RAGE AGAINST THE MACHINE sind sie nun nicht, aber an den DROPKICK MURPHYS kommt man als Punkrocker wahrlich auch nicht vorbei. Einige THPS-Soundtracks sind mit Liedern der Murphys versehen, auf etlichen Kutten prangert ein grün-weißes Patch der Band. Und die DROPKICK MURPHYS fahren an diesem Wochenende eine Bühnendeko auf wie keine zweite Band. Mit sieben Mitgliedern braucht man natürlich auch Platz. Nach „Foggy Dew“ vom Band erklingen mit „Cadence to Arms“ altverwandte Klänge, wonach die DROPKICK MURPHYS dann mit „The Boys Are Back“ mächtig Stimmung inne Bude bringen. Auch „Johnny, I Hardly Knew Yea“ wird im direkten Anschluss frenetisch abgefeiert. Und von hier an geht es eigentlich beständig so weiter. Die DROPKICK MURPHYS sind im direkten Vergleich ein würdigerer Headliner als es gestern JAWBREAKER waren. Neben den eigenen Klassikern huldigen die Murphys auch ihren Einflüssen: Eigene Versionen von „The Irish Rover“, „The Fields of Athenry“ und „You’ll Never Walk Alone“ kommen beim Groezrock verdammt gut an. „Rose Tattoo“ und „Shipping Up to Boston“ beenden ein Wochenende voller Spaß, Sauferei und Singalongs in erster Klasse.

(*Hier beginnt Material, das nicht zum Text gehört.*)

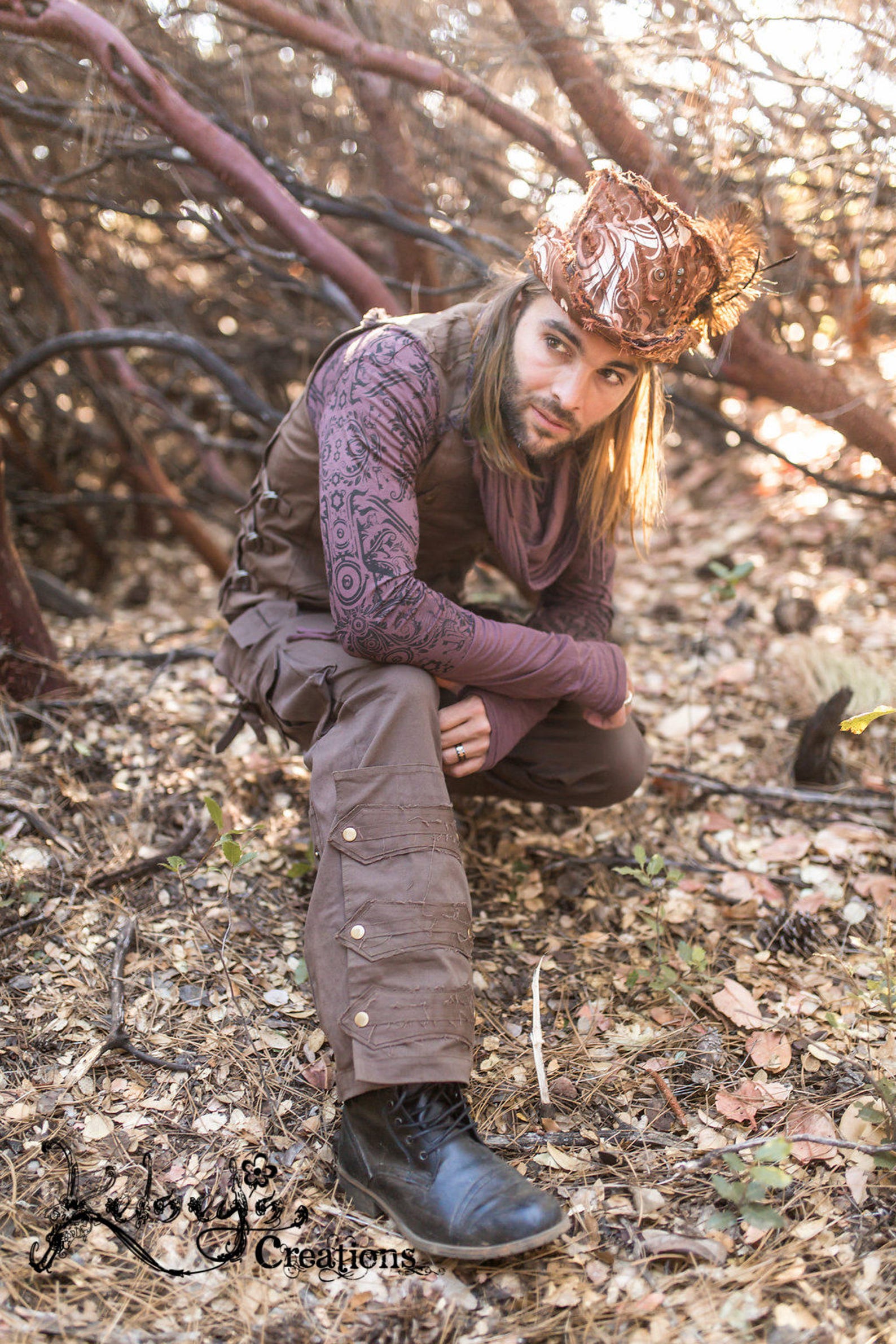 Mens Pirate Pants Brown Mens Pants Steampunk Festival Etsy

Unter dem Strich waren es dieses Jahr für mich leider nicht so viele Neuentdeckungen wie gewohnt, das Groezrock verlässt sich auf alte Hochkaräter, die größtenteils in den Vorjahren schon in den Line-Ups vertreten waren. Meine Favoriten waren am Freitag BRUTUS und am Samstag TRASH TALK. Bei den eher überschaubaren Besucherzahlen kann man wie gesagt nur hoffen, dass das Festival uns erhalten bleibt. Eine Sache ist mir allerdings aufgefallen: Während im Jahr 2011, soweit ich mich erinnere, Bridget Regan von FLOGGING MOLLY die einzige Frau auf dem Lineup war, waren 2019 sehr viele Bands mit weiblichen Mitgliedern vertreten. Eine schöne Entwicklung!